Looking through the listing, how many of its lines hold the word "Cotton"? Answer with only the number.

──────── Task inputs ────────

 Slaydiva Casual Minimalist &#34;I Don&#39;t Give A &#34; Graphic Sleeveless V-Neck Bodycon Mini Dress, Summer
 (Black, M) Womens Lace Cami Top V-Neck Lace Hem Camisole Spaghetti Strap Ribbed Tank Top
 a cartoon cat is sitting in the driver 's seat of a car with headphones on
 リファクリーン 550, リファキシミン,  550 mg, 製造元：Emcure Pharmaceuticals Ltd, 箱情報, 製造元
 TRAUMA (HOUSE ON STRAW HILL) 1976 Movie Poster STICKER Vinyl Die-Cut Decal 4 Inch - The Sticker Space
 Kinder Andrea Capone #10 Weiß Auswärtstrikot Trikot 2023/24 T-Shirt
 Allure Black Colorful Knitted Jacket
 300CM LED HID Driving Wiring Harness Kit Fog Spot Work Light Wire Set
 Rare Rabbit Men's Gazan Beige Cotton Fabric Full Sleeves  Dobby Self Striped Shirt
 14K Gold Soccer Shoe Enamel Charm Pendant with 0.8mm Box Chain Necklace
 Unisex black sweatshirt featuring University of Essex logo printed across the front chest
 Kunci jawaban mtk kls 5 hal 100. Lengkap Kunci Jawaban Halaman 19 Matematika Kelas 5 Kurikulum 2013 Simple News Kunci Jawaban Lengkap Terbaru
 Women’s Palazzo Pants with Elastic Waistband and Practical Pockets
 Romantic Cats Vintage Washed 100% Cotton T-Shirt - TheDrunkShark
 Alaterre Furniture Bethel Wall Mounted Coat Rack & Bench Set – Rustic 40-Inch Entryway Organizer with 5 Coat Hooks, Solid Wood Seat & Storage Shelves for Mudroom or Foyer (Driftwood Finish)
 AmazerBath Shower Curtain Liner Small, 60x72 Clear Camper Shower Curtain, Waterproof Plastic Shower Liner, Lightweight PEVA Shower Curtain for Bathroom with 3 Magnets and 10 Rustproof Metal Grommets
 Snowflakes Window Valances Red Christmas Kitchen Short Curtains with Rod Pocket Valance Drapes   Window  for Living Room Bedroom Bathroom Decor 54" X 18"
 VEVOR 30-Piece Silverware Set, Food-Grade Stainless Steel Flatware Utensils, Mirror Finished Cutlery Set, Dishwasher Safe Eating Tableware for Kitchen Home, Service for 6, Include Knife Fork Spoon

────────

* [Answer box]: 2